20 Responses to Quick and Easy Pickled Radishes

  1. Rick June 3, 2009 at 4:05 pm #

    I have been making home made butter for a while now. You can’t do any better. It is a great way to use up any left over cream.

    As a suggestion, if you wash the butter with cold water 2 or 3 times to remove most of the whey, your butter will last longer, less chance of it becoming rancid. Put water and butter in a bowl and knead it with tha back of a spoon, change the water and repeat until the water remains clear.
    I usually knead the salt into the butter after the final wash. I’ll have to try adding the salt at the begining to see how it is affected by the washing. My wife makes Kimchi at home so we will have to try your radishes.

  2. Leela June 3, 2009 at 4:08 pm #

    Great tips on the butter, Rick. Thank you so much.

  3. doggybloggy June 3, 2009 at 4:23 pm #

    wow – sweet – butter tricks and pickling tricks – thanks guys!

  4. Leela June 3, 2009 at 4:30 pm #

    Rick – Your tips have been added to the original post on homemade butter. Thanks again! Appreciate it. I love it when my readers enlighten me on things.

  5. Ozge June 3, 2009 at 4:31 pm #

    I spot some beautiful radishes at Farmer’s market but didn’t know how to make use of them :<

  6. Zita June 3, 2009 at 4:46 pm #

    yuum…love pickled radishes, you must be so lucky to find smaller radishes, they are tastier than the bigger ones 🙂

  7. duodishes June 3, 2009 at 5:40 pm #

    You always give good tips!

  8. 5 Star Foodie June 3, 2009 at 6:53 pm #

    Pickled radishes sound excellent (I haven’t had them pickled yet) and must be so good with homemade butter!

  9. Jenn June 3, 2009 at 7:28 pm #

    Awesome tips. You’ve always got some great advice on here. I don’t get enough radish in my system and I love the stuff, too. Maybe if I have them pickled then I’ll eat it more.

  10. Sweta June 3, 2009 at 7:40 pm #

    I tried pickling carrots for the first time last month-and the outcome was delish. Will try this out next 🙂

  11. lisaiscooking June 3, 2009 at 7:53 pm #

    I love pickled radishes!
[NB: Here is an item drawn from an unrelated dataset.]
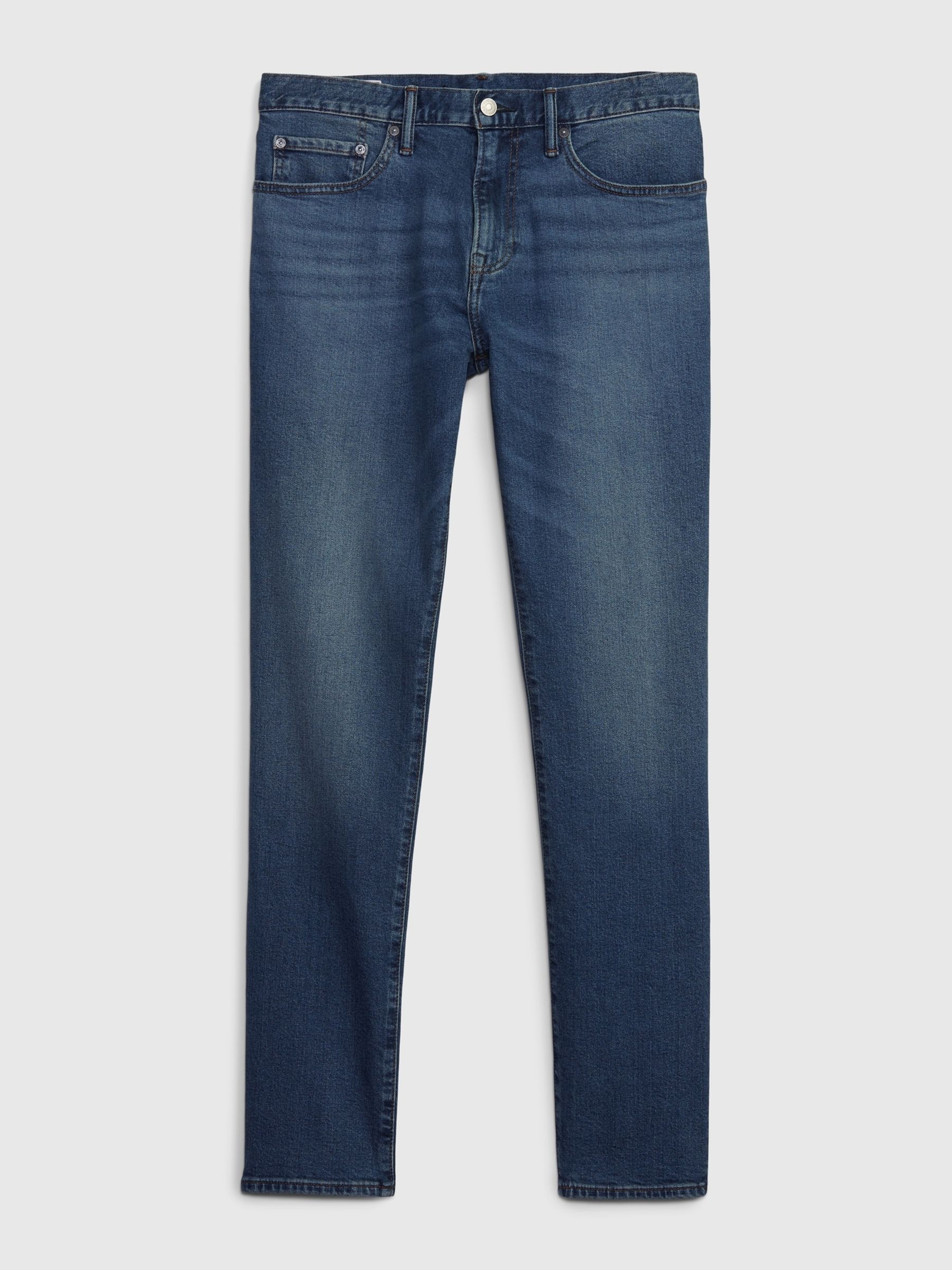 Mid Blue Slim Fit Comfort Stretch Soft Jeans - Image 7 of 7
Those are beauties.

  12. Tangled Noodle June 4, 2009 at 4:11 am #

    I’ve never had pickled radishes before (and I’ve also never had them with butter!) The pickling juice sounds so good.

  13. to2sassy June 4, 2009 at 11:42 am #

    I just discovered butter and radish sandwhiches a few months ago. Probably the worst thing I could have done…I could eat them all day! I have not tried making my own butter ..hmmm probably ANOTHER thing I “shouldn’t” try. But now the pickled radishes I can definately do those without guilt.
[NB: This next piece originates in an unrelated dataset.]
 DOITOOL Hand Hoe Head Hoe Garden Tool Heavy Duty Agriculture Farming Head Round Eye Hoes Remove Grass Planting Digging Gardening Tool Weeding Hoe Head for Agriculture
  14. oysterculture June 4, 2009 at 5:02 pm #

    yum, this sounds like such a great snack! I cannot wait to try a batch.

  15. Lorraine @ Not Quite Nigella June 5, 2009 at 3:01 am #

    This so cool-hubby loves radishes and pickles and I know he’d love these. Pickling is so much fun isn’t it! 🙂

  16. Arwen from Hoglet K June 5, 2009 at 10:48 am #

    I love the idea that the pickles are ready overnight. Pickles have always seemed like too much of a waiting game, so I’ve neglected them. Looks like they’re worth getting into though.

  17. Olga January 4, 2010 at 3:12 pm #

    what an easy recipe! I have a few watermelon radishes sitting in my refrigerator and will use them with this pickling solution.


  18. Grace June 2, 2010 at 8:02 pm #

    I’m going to try this right now! For those who think you may not have a green thumb, radishes are possibly the world’s easiest and fastest thing to grow. With some varieties, you’ll have radishes ready to eat as soon as 20-30 days after you plant them. Plus they don’t take up much space and you can plant them nearly anywhere. Plant them yourself and you can have all the pickled radish and butter sandwiches you can eat!!